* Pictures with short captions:
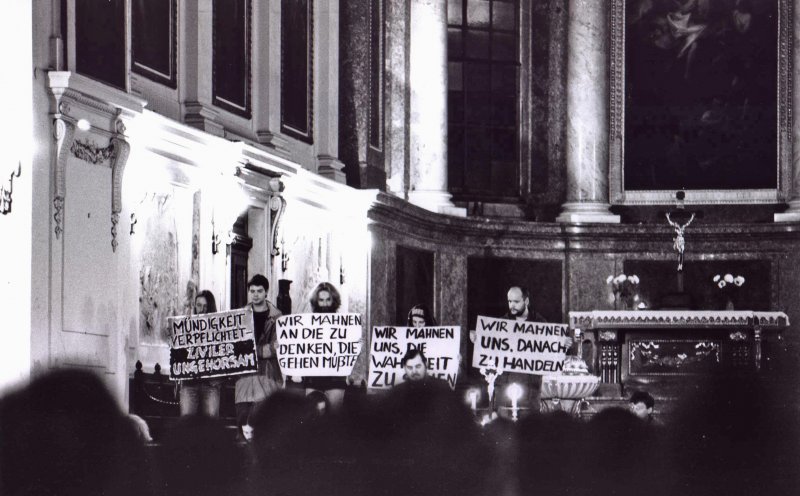 Redeverbot: Leipziger Basisgruppen protestieren am 24. Oktober 1988 in der Nikolaikirche gegen das Verbot von selbst gestalteten Friedensgebeten. Auch vor der Kirche wird protestiert. V.l.n.r.: Udo Hartmann, Frank Sellentin, Rainer Müller, Anita Unger...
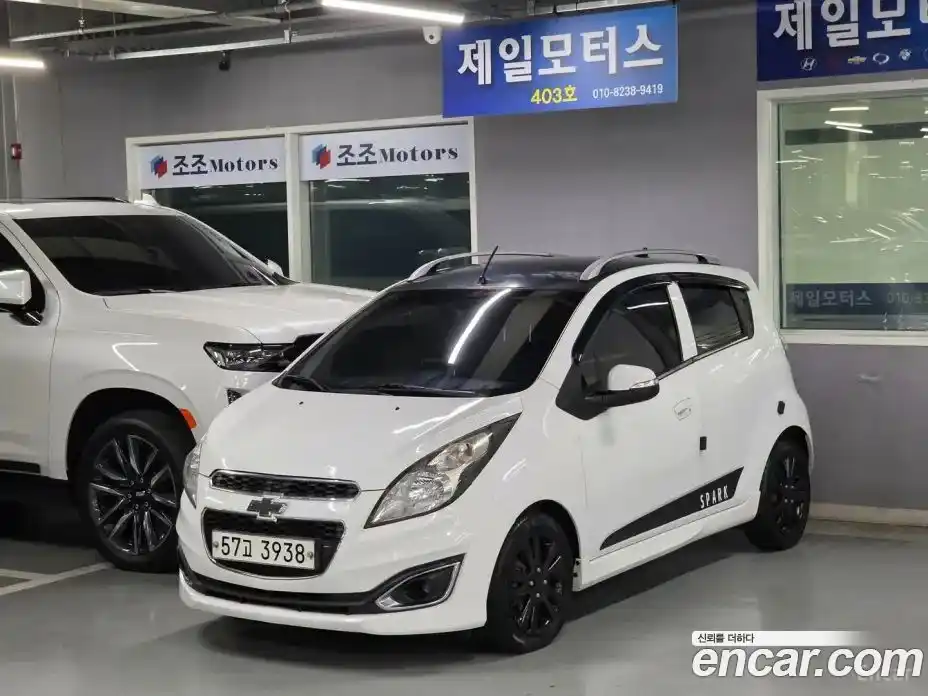 Chevrolet Spark 2013 1.0 Автомат в Москве № 42310, фото 1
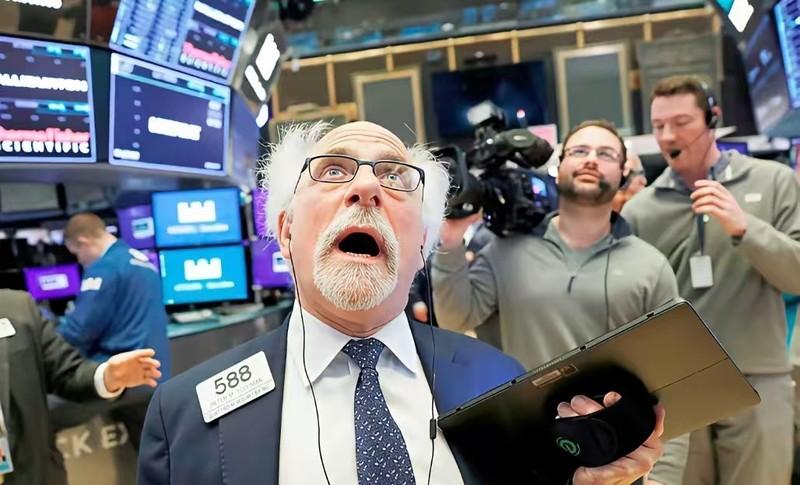 外媒酸了！最近中国一连公布三个好消息，信号越来越明显了。

刘鹏本科毕业于南京理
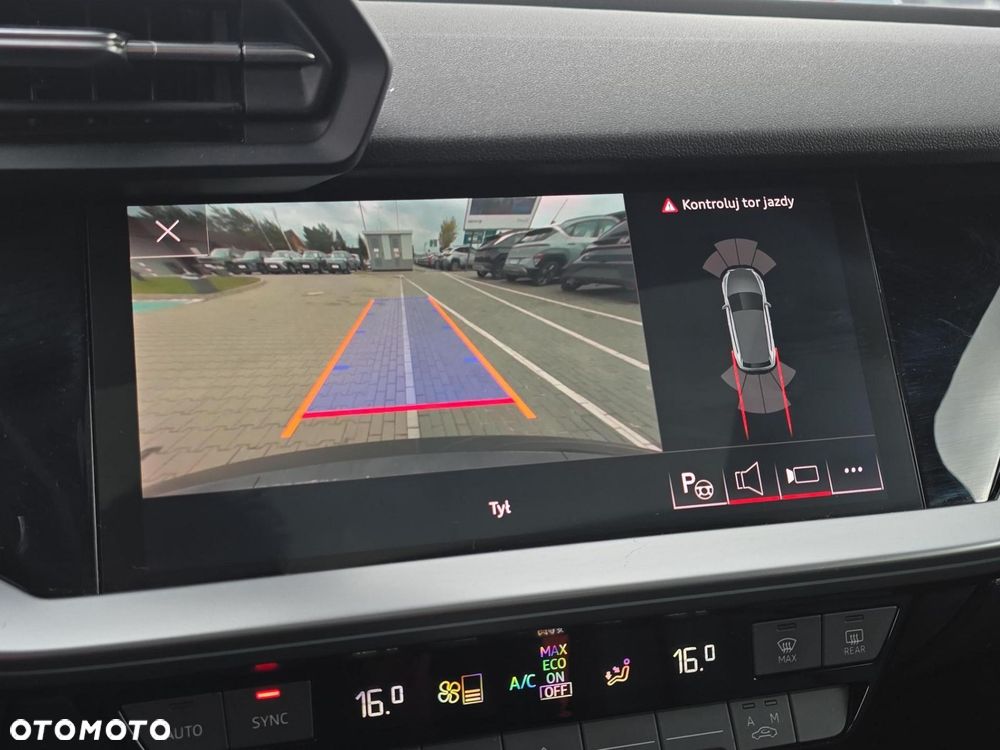 Audi A3 Sportback - 16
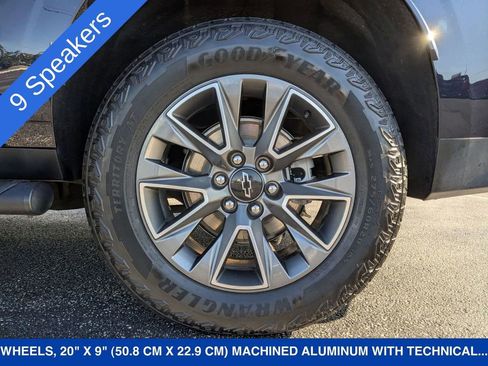 Used 2023 Chevrolet Suburban Z71 w/ Luxury Package image 11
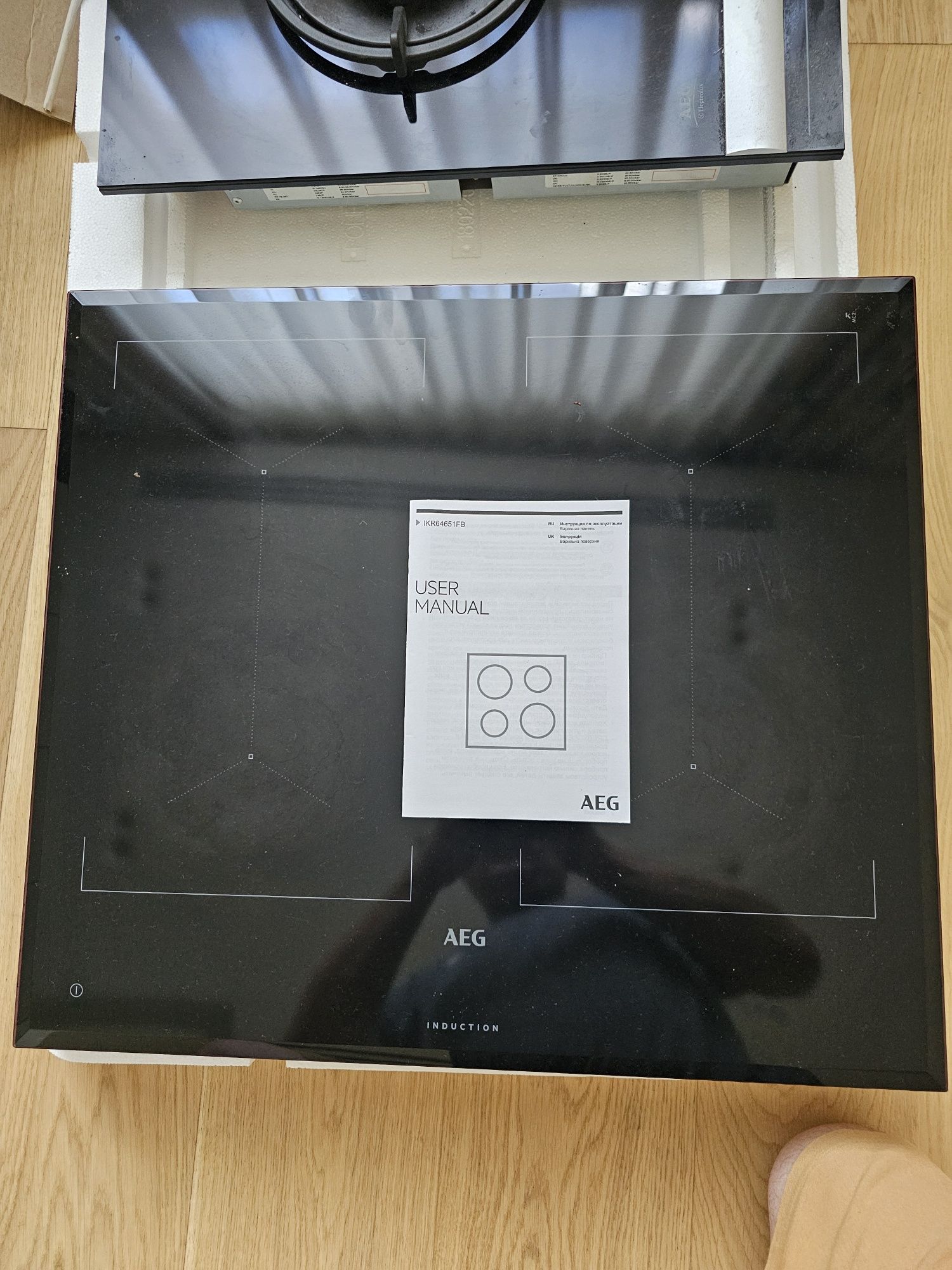 Індукція AEG IKR 64651 FB. Газова поверхня AEG FM 4360 GAN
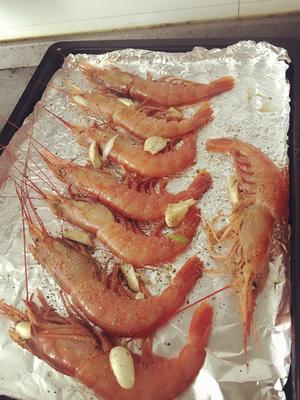 黑胡椒盐烤阿根廷红虾的做法 步骤3
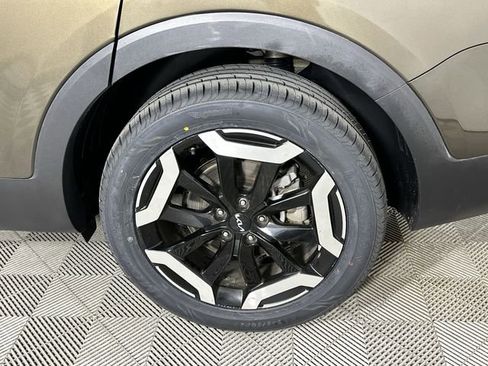Used 2025 Kia Telluride S AWD/4WD image 34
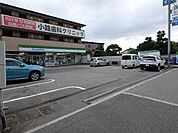 ファミリーマート箕面白島店 576m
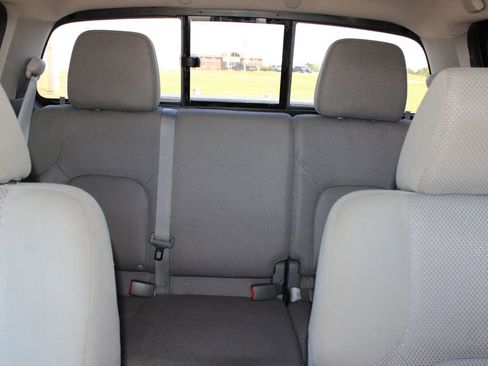 Used 2016 Nissan Frontier SV RWD image 14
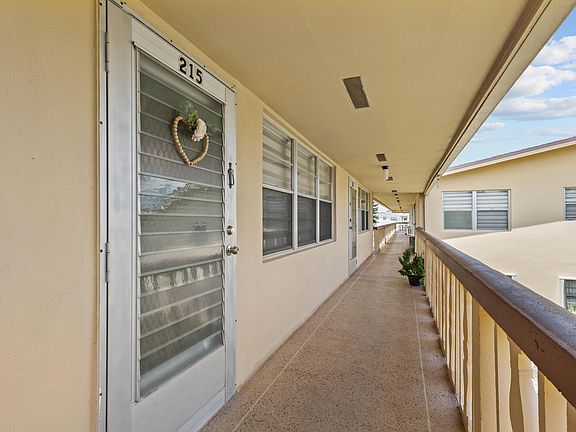 2nd image of 215 Sheffield I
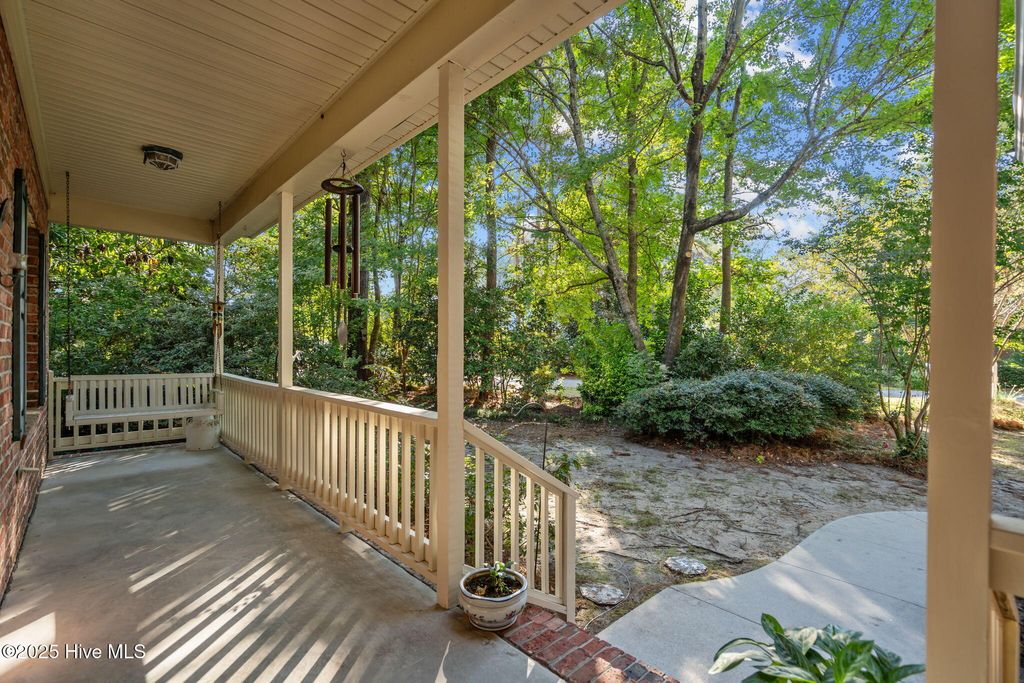 Photo of 109 E Sanderling Circle, Hampstead, NC 28443 (MLS # 100531952)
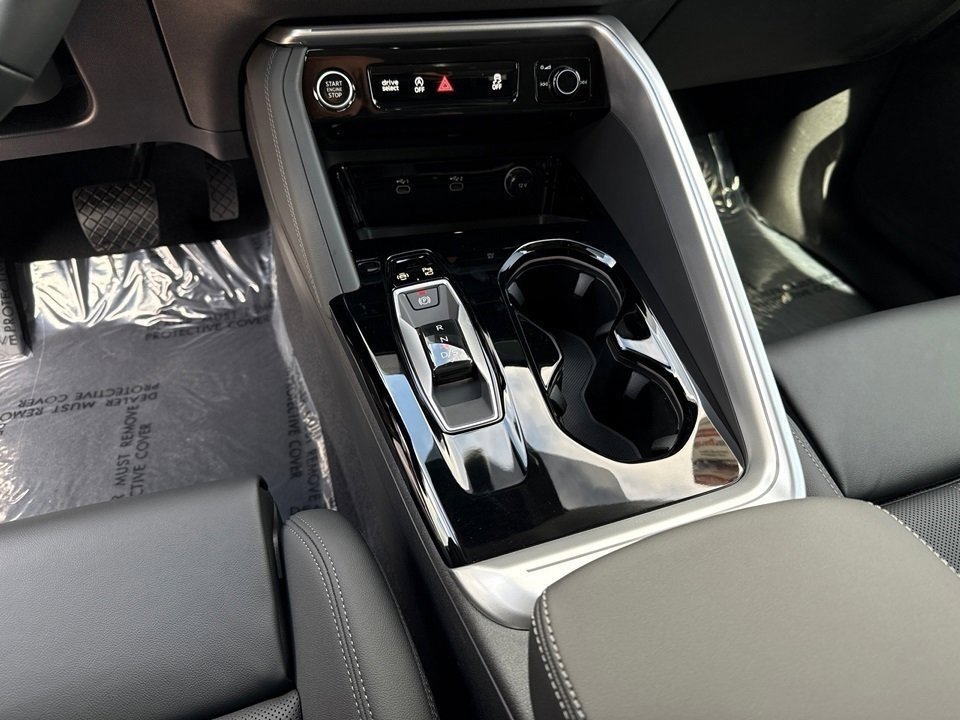 Certified 2025 Audi Q5 2.0T Premium Plus w/ Premium Plus image 18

* Task instructions:
Copy exactly, leaving out pictures, the lines from the line containing "黑胡椒盐烤阿根廷红虾的做法 步骤3" through the last line of the records.

* Reply:
 黑胡椒盐烤阿根廷红虾的做法 步骤3
Used 2025 Kia Telluride S AWD/4WD image 34
 ファミリーマート箕面白島店 576m
 Used 2016 Nissan Frontier SV RWD image 14
 2nd image of 215 Sheffield I
 Photo of 109 E Sanderling Circle, Hampstead, NC 28443 (MLS # 100531952)
 Certified 2025 Audi Q5 2.0T Premium Plus w/ Premium Plus image 18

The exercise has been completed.